- Task inputs -
══════════════════════════════
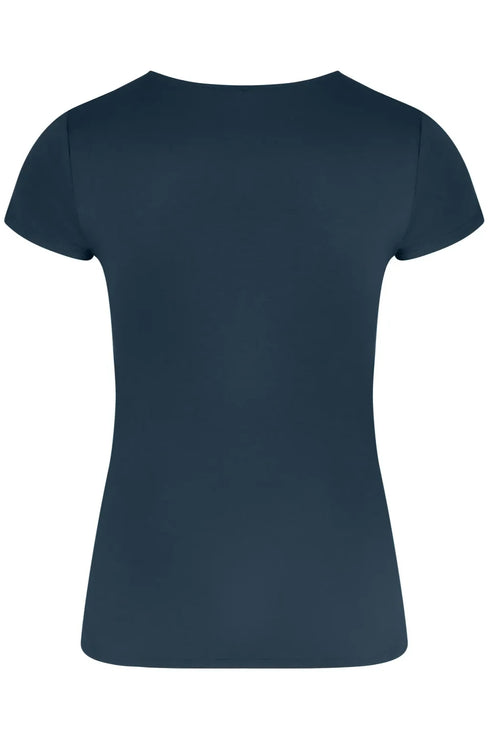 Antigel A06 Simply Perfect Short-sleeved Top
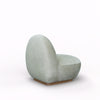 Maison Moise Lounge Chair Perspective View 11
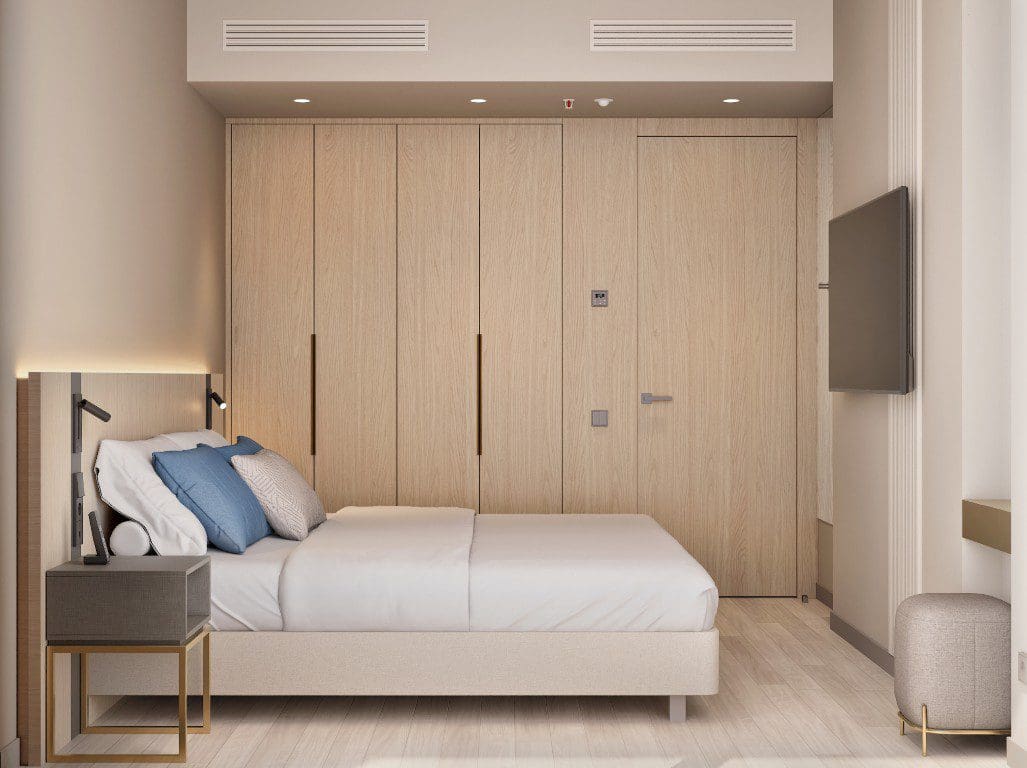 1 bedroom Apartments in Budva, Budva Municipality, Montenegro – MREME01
══════════════════════════════
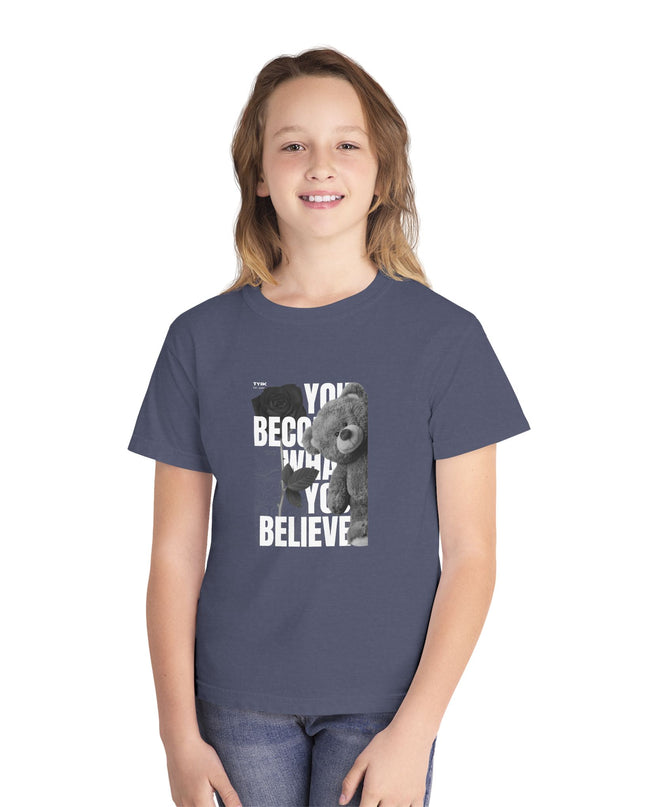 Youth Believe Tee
══════════════════════════════
An exact transcription is needed of the lines from the one with "Antigel A06 Simply Perfect Short-sleeved Top" to the one with "1 bedroom Apartments" above, both ends included, with pictures left out.

- Expected answer -
 Antigel A06 Simply Perfect Short-sleeved Top
 Maison Moise Lounge Chair Perspective View 11
 1 bedroom Apartments in Budva, Budva Municipality, Montenegro – MREME01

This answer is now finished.